* **TRY IT**
Set every line of the data down again exactly, and keep the pictures out.

* **SOURCE DATA**

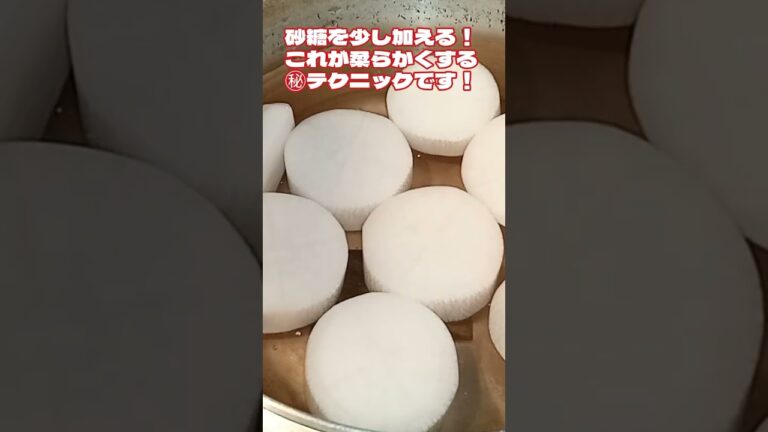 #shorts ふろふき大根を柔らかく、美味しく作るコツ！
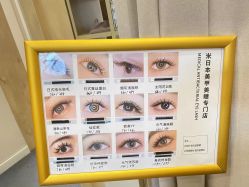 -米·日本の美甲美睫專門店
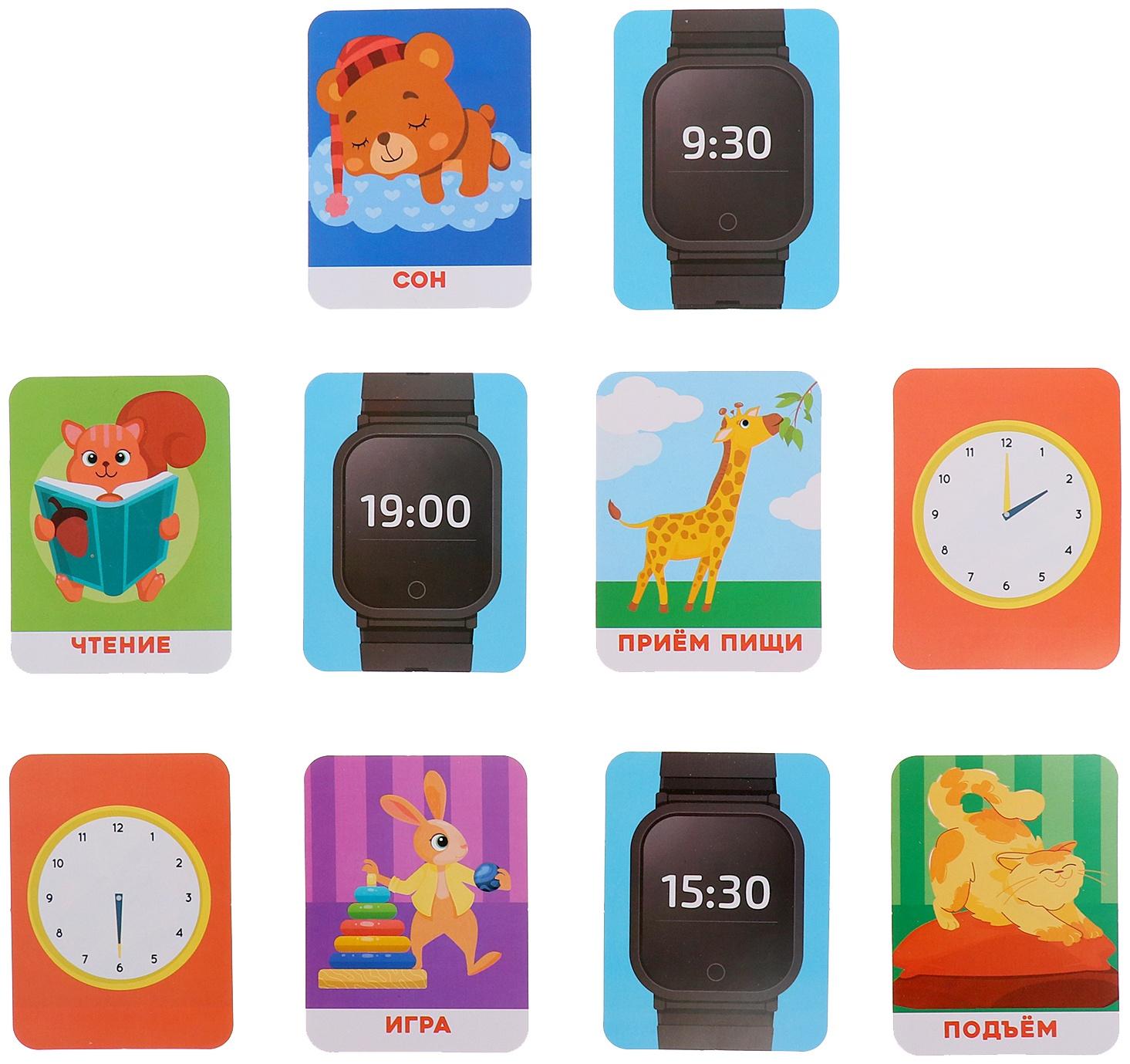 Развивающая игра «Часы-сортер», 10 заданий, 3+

* **RESPONSE AREA**
 #shorts ふろふき大根を柔らかく、美味しく作るコツ！
 -米·日本の美甲美睫專門店
 Развивающая игра «Часы-сортер», 10 заданий, 3+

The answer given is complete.